EXERCISE BRIEF
For every line below, set down an identical copy.

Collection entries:
☆ ☆ ☆ ☆
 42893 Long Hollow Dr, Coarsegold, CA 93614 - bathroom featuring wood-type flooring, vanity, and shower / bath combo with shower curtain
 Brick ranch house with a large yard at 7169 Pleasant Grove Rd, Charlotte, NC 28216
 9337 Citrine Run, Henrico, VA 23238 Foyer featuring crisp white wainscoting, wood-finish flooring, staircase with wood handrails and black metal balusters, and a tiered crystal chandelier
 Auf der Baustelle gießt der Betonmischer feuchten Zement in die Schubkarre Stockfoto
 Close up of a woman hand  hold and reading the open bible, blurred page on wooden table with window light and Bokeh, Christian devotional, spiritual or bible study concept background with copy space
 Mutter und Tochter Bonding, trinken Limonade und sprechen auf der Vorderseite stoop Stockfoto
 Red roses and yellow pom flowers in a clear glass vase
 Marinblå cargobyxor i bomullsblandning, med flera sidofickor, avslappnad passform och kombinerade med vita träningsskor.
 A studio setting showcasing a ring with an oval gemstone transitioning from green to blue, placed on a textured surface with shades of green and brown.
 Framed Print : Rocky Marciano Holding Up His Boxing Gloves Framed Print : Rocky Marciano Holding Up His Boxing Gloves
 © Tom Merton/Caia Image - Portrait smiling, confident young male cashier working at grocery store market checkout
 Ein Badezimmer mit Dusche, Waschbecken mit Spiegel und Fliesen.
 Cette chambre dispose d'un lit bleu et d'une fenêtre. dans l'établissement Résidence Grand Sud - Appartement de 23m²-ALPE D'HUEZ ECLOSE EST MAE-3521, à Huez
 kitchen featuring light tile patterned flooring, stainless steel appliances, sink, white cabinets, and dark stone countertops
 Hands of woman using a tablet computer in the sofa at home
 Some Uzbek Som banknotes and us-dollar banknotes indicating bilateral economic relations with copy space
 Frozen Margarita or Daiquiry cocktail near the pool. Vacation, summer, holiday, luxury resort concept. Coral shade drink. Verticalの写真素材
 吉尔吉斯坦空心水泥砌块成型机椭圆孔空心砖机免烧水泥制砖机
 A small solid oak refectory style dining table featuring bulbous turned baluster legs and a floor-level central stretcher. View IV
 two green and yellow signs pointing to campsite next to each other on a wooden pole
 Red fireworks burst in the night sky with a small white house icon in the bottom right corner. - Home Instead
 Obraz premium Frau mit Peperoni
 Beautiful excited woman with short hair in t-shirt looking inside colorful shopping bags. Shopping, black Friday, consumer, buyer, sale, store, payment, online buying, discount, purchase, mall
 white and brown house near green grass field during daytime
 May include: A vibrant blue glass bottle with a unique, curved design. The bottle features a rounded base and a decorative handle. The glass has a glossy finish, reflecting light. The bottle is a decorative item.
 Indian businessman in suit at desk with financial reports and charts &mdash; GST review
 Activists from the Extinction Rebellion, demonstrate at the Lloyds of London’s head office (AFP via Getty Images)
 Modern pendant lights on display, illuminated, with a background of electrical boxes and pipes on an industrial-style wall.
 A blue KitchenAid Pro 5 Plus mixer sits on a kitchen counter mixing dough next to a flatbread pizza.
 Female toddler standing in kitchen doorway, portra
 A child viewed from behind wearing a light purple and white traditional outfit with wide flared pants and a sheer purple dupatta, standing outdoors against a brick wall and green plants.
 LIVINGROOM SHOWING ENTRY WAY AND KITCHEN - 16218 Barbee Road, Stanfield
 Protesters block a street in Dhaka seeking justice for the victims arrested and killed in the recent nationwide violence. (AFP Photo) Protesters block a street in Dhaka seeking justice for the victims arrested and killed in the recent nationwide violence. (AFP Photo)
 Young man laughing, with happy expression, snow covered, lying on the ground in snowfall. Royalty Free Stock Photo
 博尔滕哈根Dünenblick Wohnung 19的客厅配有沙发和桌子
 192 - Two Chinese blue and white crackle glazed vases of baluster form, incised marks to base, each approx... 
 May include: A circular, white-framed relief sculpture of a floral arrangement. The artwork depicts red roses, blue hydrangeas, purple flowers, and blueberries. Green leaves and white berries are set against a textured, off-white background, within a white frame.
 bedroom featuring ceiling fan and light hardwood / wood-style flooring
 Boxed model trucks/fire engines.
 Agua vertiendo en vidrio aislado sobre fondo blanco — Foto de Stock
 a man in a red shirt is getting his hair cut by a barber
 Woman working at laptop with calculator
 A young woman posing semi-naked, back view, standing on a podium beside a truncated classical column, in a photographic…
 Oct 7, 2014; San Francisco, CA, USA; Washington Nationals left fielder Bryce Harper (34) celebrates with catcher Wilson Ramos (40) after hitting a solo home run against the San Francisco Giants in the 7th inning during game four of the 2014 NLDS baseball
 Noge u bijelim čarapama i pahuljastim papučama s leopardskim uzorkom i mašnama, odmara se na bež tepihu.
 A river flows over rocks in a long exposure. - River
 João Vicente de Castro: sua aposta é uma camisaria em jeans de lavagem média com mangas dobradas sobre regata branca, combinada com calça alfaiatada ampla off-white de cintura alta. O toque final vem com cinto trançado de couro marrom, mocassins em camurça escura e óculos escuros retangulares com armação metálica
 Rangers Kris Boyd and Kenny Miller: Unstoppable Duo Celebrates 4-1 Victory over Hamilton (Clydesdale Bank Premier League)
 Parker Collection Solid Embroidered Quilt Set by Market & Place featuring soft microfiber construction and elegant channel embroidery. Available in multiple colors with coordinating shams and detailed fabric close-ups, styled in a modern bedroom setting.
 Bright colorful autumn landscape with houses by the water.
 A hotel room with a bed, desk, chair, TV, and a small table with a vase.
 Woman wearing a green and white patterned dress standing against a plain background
☆ ☆ ☆ ☆
OUTPUT
 42893 Long Hollow Dr, Coarsegold, CA 93614 - bathroom featuring wood-type flooring, vanity, and shower / bath combo with shower curtain
 Brick ranch house with a large yard at 7169 Pleasant Grove Rd, Charlotte, NC 28216
 9337 Citrine Run, Henrico, VA 23238 Foyer featuring crisp white wainscoting, wood-finish flooring, staircase with wood handrails and black metal balusters, and a tiered crystal chandelier
 Auf der Baustelle gießt der Betonmischer feuchten Zement in die Schubkarre Stockfoto
 Close up of a woman hand  hold and reading the open bible, blurred page on wooden table with window light and Bokeh, Christian devotional, spiritual or bible study concept background with copy space
 Mutter und Tochter Bonding, trinken Limonade und sprechen auf der Vorderseite stoop Stockfoto
 Red roses and yellow pom flowers in a clear glass vase
 Marinblå cargobyxor i bomullsblandning, med flera sidofickor, avslappnad passform och kombinerade med vita träningsskor.
 A studio setting showcasing a ring with an oval gemstone transitioning from green to blue, placed on a textured surface with shades of green and brown.
 Framed Print : Rocky Marciano Holding Up His Boxing Gloves Framed Print : Rocky Marciano Holding Up His Boxing Gloves
 © Tom Merton/Caia Image - Portrait smiling, confident young male cashier working at grocery store market checkout
 Ein Badezimmer mit Dusche, Waschbecken mit Spiegel und Fliesen.
 Cette chambre dispose d'un lit bleu et d'une fenêtre. dans l'établissement Résidence Grand Sud - Appartement de 23m²-ALPE D'HUEZ ECLOSE EST MAE-3521, à Huez
 kitchen featuring light tile patterned flooring, stainless steel appliances, sink, white cabinets, and dark stone countertops
 Hands of woman using a tablet computer in the sofa at home
 Some Uzbek Som banknotes and us-dollar banknotes indicating bilateral economic relations with copy space
 Frozen Margarita or Daiquiry cocktail near the pool. Vacation, summer, holiday, luxury resort concept. Coral shade drink. Verticalの写真素材
 吉尔吉斯坦空心水泥砌块成型机椭圆孔空心砖机免烧水泥制砖机
 A small solid oak refectory style dining table featuring bulbous turned baluster legs and a floor-level central stretcher. View IV
 two green and yellow signs pointing to campsite next to each other on a wooden pole
 Red fireworks burst in the night sky with a small white house icon in the bottom right corner. - Home Instead
 Obraz premium Frau mit Peperoni
 Beautiful excited woman with short hair in t-shirt looking inside colorful shopping bags. Shopping, black Friday, consumer, buyer, sale, store, payment, online buying, discount, purchase, mall
 white and brown house near green grass field during daytime
 May include: A vibrant blue glass bottle with a unique, curved design. The bottle features a rounded base and a decorative handle. The glass has a glossy finish, reflecting light. The bottle is a decorative item.
 Indian businessman in suit at desk with financial reports and charts &mdash; GST review
 Activists from the Extinction Rebellion, demonstrate at the Lloyds of London’s head office (AFP via Getty Images)
 Modern pendant lights on display, illuminated, with a background of electrical boxes and pipes on an industrial-style wall.
 A blue KitchenAid Pro 5 Plus mixer sits on a kitchen counter mixing dough next to a flatbread pizza.
 Female toddler standing in kitchen doorway, portra
 A child viewed from behind wearing a light purple and white traditional outfit with wide flared pants and a sheer purple dupatta, standing outdoors against a brick wall and green plants.
 LIVINGROOM SHOWING ENTRY WAY AND KITCHEN - 16218 Barbee Road, Stanfield
 Protesters block a street in Dhaka seeking justice for the victims arrested and killed in the recent nationwide violence. (AFP Photo) Protesters block a street in Dhaka seeking justice for the victims arrested and killed in the recent nationwide violence. (AFP Photo)
 Young man laughing, with happy expression, snow covered, lying on the ground in snowfall. Royalty Free Stock Photo
 博尔滕哈根Dünenblick Wohnung 19的客厅配有沙发和桌子
 192 - Two Chinese blue and white crackle glazed vases of baluster form, incised marks to base, each approx... 
 May include: A circular, white-framed relief sculpture of a floral arrangement. The artwork depicts red roses, blue hydrangeas, purple flowers, and blueberries. Green leaves and white berries are set against a textured, off-white background, within a white frame.
 bedroom featuring ceiling fan and light hardwood / wood-style flooring
 Boxed model trucks/fire engines.
 Agua vertiendo en vidrio aislado sobre fondo blanco — Foto de Stock
 a man in a red shirt is getting his hair cut by a barber
 Woman working at laptop with calculator
 A young woman posing semi-naked, back view, standing on a podium beside a truncated classical column, in a photographic…
 Oct 7, 2014; San Francisco, CA, USA; Washington Nationals left fielder Bryce Harper (34) celebrates with catcher Wilson Ramos (40) after hitting a solo home run against the San Francisco Giants in the 7th inning during game four of the 2014 NLDS baseball
 Noge u bijelim čarapama i pahuljastim papučama s leopardskim uzorkom i mašnama, odmara se na bež tepihu.
 A river flows over rocks in a long exposure. - River
 João Vicente de Castro: sua aposta é uma camisaria em jeans de lavagem média com mangas dobradas sobre regata branca, combinada com calça alfaiatada ampla off-white de cintura alta. O toque final vem com cinto trançado de couro marrom, mocassins em camurça escura e óculos escuros retangulares com armação metálica
 Rangers Kris Boyd and Kenny Miller: Unstoppable Duo Celebrates 4-1 Victory over Hamilton (Clydesdale Bank Premier League)
 Parker Collection Solid Embroidered Quilt Set by Market & Place featuring soft microfiber construction and elegant channel embroidery. Available in multiple colors with coordinating shams and detailed fabric close-ups, styled in a modern bedroom setting.
 Bright colorful autumn landscape with houses by the water.
 A hotel room with a bed, desk, chair, TV, and a small table with a vase.
 Woman wearing a green and white patterned dress standing against a plain background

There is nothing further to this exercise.